Dan zijn er uitgevers die voor minder dan een dubbeltje op de eerste rang willen zitten, of desnoods op de tweede. Of geen royal­ty wensen uit te keren, of veel te weinig, enzovoort enzovoort. De verta­ler die zich met zulke eisen geconfronteerd ziet, kan zich beroepen op de voorwaarden voor subsidiëring die het Fonds stelt, en hij kan er vrij zeker van zijn dat zijn collega’s dat ook zullen doen. Vertalers – freelancers immers – kunnen misschien niet staken, maar redelijkheid en vasthou­dendheid helpen vaak wel: ten slotte worden er ook ‘boven-modelcon­tractuele’ afspraken gemaakt en gehonoreerd.
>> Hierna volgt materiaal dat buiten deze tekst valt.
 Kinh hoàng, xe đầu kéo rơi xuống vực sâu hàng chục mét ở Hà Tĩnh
Alleen wanneer een uitgever domweg weigert zich aan de afspraken, die nota bene door zijn eigen branchevereniging zijn opge­steld, te houden, kan een vertaler hoog of laag springen, watje of geen watje zijn, maar hij krijgt of de opdracht of het Modelcontract niet. Maar er zijn dus wel degelijk algemeen geldende afspraken waaraan literaire vertalers en uitgevers zich houden. Het enige wat een vertaler moet doen is alert zijn, zijn contracten goed lezen en erop letten dat ze worden nage­leefd.
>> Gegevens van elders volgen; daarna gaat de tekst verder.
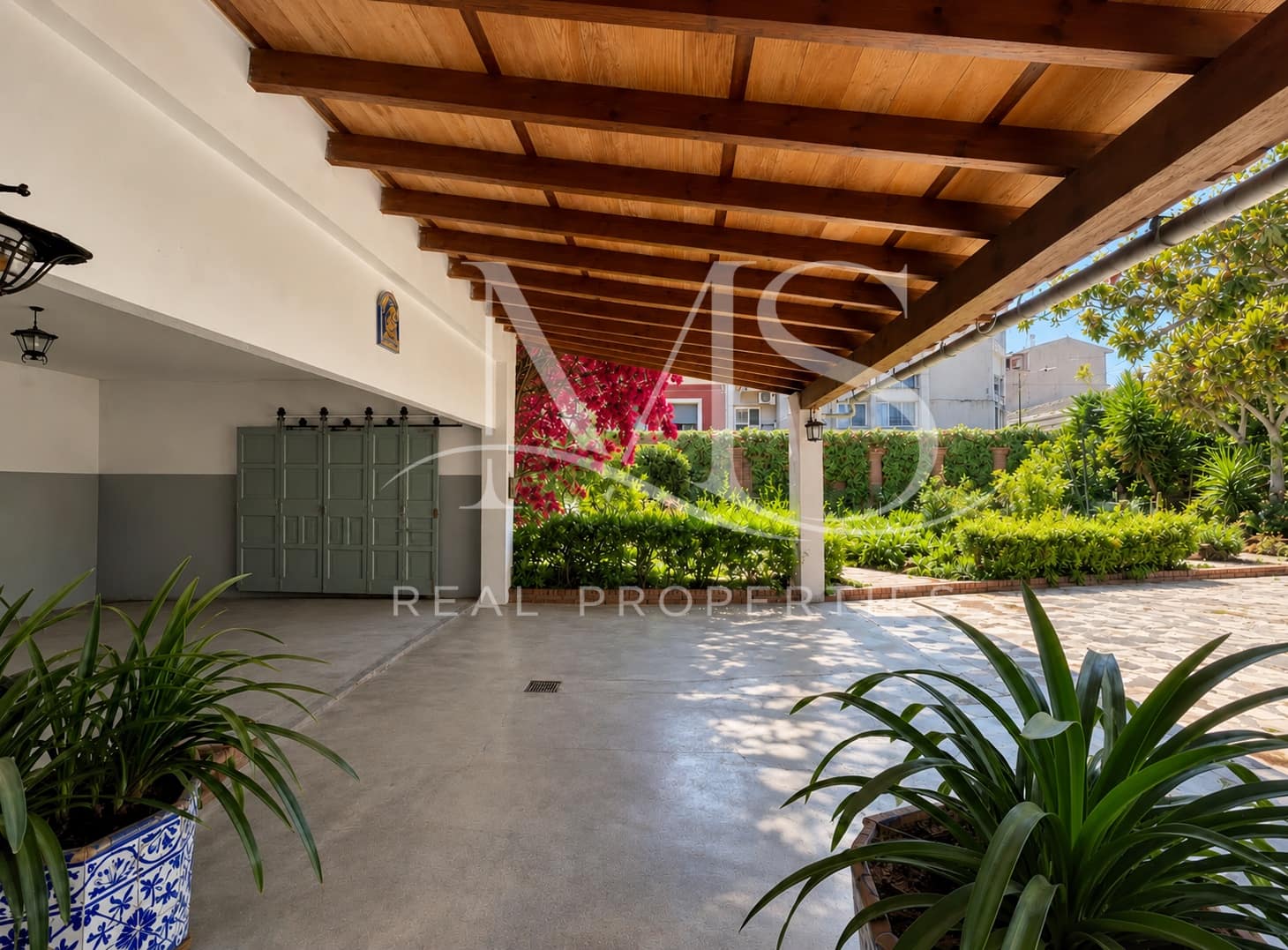 8 sovrum Hus till salu i El Prat de Llobregat med pool garage - 2 500 000 € (Ref: 10165256)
‘En, vertaal je nog steeds?’ vroeg laatst mijn tandarts – die inmiddels al heel wat jaartjes zijn boor hanteert – en met rollende ogen probeerde ik hem duidelijk te maken dat ik dat inderdaad nog steeds doe. Met zijn vraag drukte hij dezelfde algemene opvatting uit als ooit een minister van cultuur, die vertalen een bezigheid noemde. Een bezigheid wel te verstaan, waarin een verstandig mens niet al te lang volhardt.

‘Ja,’ zei ik toen ik weer kon praten, ‘en daar kan ik zelfs deze kronen van betalen.’